■ The problem:
Note each line in the data below that holds "Leather", and copy it.

Input records below:

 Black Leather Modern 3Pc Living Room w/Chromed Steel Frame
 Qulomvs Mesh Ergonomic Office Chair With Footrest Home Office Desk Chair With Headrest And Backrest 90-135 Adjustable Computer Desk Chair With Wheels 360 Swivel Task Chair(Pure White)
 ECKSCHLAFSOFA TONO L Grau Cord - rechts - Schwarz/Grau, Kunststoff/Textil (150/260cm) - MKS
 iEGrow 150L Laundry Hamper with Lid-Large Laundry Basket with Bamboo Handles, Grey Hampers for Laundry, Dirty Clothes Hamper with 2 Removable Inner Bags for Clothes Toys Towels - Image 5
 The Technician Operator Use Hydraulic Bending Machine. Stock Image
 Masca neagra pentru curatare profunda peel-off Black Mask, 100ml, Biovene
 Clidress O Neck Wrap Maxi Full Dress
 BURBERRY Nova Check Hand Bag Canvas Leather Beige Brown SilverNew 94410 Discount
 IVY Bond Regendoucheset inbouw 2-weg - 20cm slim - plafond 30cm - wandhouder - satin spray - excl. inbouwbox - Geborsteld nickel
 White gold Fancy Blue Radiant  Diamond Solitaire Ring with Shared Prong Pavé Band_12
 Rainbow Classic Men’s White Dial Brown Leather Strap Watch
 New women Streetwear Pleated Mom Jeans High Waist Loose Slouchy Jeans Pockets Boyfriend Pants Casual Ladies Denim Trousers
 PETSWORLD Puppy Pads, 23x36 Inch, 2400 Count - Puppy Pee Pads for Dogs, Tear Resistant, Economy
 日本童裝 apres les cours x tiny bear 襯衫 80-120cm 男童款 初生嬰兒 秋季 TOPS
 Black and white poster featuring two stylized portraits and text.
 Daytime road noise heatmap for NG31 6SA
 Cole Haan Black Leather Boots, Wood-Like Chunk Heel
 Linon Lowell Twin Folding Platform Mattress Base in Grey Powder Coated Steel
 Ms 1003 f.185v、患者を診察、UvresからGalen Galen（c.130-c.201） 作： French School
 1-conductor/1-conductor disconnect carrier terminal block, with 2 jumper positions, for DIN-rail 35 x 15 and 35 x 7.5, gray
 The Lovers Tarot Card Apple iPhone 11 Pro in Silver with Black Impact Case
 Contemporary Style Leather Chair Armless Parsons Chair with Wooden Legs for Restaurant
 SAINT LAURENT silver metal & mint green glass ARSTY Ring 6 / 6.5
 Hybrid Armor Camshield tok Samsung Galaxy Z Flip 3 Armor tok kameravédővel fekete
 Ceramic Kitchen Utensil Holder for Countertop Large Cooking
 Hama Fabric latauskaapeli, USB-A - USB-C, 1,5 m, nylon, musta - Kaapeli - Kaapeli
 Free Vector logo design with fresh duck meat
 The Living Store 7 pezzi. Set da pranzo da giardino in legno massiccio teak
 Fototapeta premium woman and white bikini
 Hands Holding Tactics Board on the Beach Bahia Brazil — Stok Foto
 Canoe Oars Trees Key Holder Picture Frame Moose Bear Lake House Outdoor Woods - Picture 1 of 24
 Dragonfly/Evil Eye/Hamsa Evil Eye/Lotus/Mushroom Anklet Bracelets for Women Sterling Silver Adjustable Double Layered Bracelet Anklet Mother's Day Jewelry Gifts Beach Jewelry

End of Input records.

■ Your response:
 Black Leather Modern 3Pc Living Room w/Chromed Steel Frame
 BURBERRY Nova Check Hand Bag Canvas Leather Beige Brown SilverNew 94410 Discount
 Rainbow Classic Men’s White Dial Brown Leather Strap Watch
 Cole Haan Black Leather Boots, Wood-Like Chunk Heel
 Contemporary Style Leather Chair Armless Parsons Chair with Wooden Legs for Restaurant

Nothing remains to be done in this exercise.